Além disso, embora o governo dos EUA (e os de outros países ocidentais) tenham assumido o compromisso de salvar o núcleo do sistema bancário, o sistema financeiro não-bancário, incluindo os fundos de hedge, parece destinado a implodir à medida que o financiamento desaparece. Isso tornará inevitáveis vendas forçadas de ativos financeiros e insolvências.

O impacto da implosão daquilo que Nouriel Roubini, do RGE Monitor, define como "maior bolha de ativos alavancados e maior bolha de crédito da história" está exercendo efeitos cada vez mais severos sobre as economias reais.
E esses maus ventos não beneficiam ninguém: o FMI está de volta à ativa e já ajudou Islândia, Paquistão e Ucrânia. A lista de países em dificuldades inclui também Bulgária, Estônia, Letônia e Turquia. Embora China e Índia pareçam relativamente protegidas contra a recessão, ambas serão afetadas de maneira adversa. Investimentos e exportações líquidas geraram três quartos do crescimento da demanda chinesa nos últimos anos, e a crise desacelerará ambas as coisas.
As economias emergentes não se descolarão. Não surpreende: os EUA, a União Européia e o Japão geram 62% da produção mundial. Uma desaceleração acentuada nesses países decerto causa impacto sério no mundo. Mas algumas das economias emergentes ainda assim devem se provar capazes de sustentar crescimento relativamente rápido.
A desaceleração e os problemas financeiros reduziram os preços das commodities. O FMI já prevê inflação de preços ao consumidor de 2% ao ano nos países de alta renda. A queda é ruim para os exportadores de commodities. Mas promoverá reduções necessárias nas taxas oficiais de juros. Embora o impacto do corte dos juros deva ser modesto, ainda assim ajudará.
No entanto, sob as condições atuais, a política monetária não será suficiente. Temos uma situação keynesiana, que requer remédios keynesianos. Os déficits orçamentários terminarão em níveis antes considerados inaceitáveis. Que seja.
Duas medidas adicionais precisam ser implementadas. A primeira é um novo procedimento para a reestruturação de dívidas de domicílios falidos. A segunda é fornecer fundos suficientes para resgates do FMI a economias emergentes. Hoje, a liquidez do FMI é excepcional. Mas pode bem ser que essa situação não se mantenha por muito tempo, se as condições continuarem a piorar.

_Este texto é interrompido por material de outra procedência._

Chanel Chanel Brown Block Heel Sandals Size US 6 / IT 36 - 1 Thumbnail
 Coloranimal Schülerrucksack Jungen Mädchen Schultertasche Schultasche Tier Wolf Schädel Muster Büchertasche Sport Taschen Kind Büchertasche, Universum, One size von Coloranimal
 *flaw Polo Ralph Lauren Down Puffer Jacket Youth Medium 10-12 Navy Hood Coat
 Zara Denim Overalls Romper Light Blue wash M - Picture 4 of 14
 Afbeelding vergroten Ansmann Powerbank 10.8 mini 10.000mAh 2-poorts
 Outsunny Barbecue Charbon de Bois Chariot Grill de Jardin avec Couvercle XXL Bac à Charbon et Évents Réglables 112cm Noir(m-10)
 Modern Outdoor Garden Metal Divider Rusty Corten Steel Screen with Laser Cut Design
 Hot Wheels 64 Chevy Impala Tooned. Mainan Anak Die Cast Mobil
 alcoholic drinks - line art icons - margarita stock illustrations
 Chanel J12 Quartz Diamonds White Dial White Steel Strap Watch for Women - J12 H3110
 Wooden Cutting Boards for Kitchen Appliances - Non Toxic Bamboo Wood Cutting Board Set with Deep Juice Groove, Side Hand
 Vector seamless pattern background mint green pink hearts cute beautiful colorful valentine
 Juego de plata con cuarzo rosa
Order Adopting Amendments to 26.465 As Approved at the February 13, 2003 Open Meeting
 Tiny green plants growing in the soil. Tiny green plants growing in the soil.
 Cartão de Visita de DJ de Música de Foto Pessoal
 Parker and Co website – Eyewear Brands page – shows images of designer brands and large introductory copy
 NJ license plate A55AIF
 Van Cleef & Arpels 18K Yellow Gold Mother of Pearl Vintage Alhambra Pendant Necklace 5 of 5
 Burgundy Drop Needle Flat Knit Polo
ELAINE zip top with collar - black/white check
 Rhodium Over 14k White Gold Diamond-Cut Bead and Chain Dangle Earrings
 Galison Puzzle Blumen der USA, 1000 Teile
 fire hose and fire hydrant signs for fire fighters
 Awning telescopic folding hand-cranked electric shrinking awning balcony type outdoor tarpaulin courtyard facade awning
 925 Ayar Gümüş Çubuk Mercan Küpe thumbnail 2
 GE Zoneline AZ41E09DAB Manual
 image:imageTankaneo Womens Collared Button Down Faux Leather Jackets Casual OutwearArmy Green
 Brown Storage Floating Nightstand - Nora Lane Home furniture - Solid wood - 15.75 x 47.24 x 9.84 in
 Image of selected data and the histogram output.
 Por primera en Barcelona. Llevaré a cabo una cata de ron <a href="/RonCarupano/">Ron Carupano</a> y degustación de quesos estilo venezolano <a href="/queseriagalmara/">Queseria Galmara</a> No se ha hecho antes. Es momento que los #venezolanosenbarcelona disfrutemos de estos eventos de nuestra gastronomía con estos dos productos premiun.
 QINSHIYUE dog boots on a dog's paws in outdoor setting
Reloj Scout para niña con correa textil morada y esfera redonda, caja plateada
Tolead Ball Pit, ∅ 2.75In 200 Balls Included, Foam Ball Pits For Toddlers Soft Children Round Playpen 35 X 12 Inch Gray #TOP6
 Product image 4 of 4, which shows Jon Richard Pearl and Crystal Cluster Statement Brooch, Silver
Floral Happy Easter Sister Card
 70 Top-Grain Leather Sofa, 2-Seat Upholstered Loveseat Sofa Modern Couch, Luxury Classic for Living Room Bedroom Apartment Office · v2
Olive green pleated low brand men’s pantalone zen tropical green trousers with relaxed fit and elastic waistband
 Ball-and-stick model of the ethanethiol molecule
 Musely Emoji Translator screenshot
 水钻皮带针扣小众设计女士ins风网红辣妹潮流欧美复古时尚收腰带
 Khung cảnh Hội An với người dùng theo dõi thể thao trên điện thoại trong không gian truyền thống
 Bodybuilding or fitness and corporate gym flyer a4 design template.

O desafio continua a ser garantir que aquilo que poderia ter se tornado uma verdadeira depressão econômica termine como uma recessão rasa em países de alta renda atingidos e como uma modesta desaceleração nos emergentes. Já foi feito o suficiente para prevenir o colapso dos sistemas financeiros. Mas uma longa e profunda desaceleração mundial ainda é provável. Ação determinada é necessária para limitar seus efeitos. Esse continua a ser o desafio mais imediato.